=== What the exercise asks ===
Below is a listing. Return the lines from the one that contains "Fundação Sudameris: mais" to the one that contains "3d989b8638d0c52883485a51bf19125393fb68ad", both ends included, verbatim and with no pictures.

=== Data for review ===

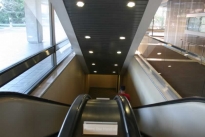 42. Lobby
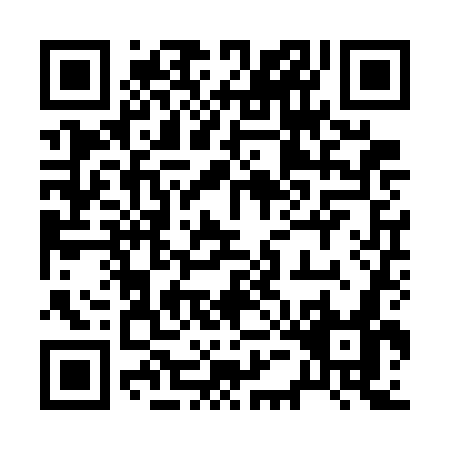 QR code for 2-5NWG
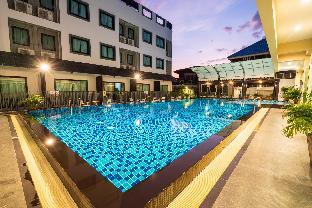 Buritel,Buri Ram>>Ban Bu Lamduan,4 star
...
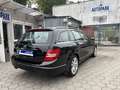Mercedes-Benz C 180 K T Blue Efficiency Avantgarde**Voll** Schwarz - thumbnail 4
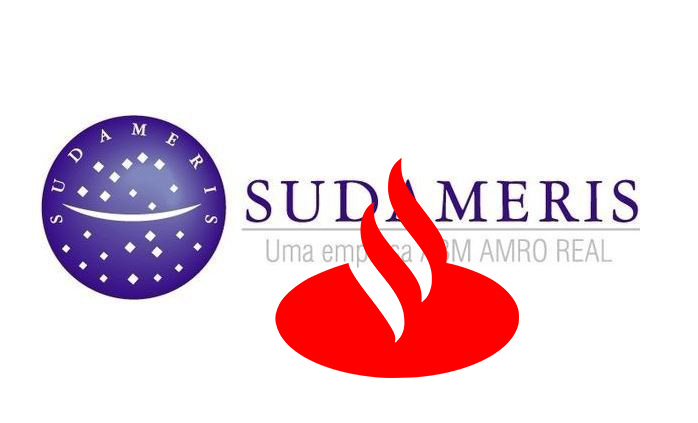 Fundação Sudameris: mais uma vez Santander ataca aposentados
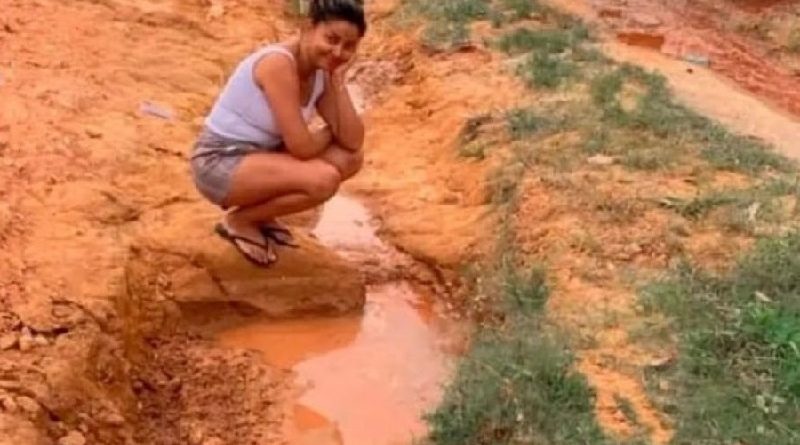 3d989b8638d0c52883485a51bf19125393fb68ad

=== Task result ===
 Fundação Sudameris: mais uma vez Santander ataca aposentados
 3d989b8638d0c52883485a51bf19125393fb68ad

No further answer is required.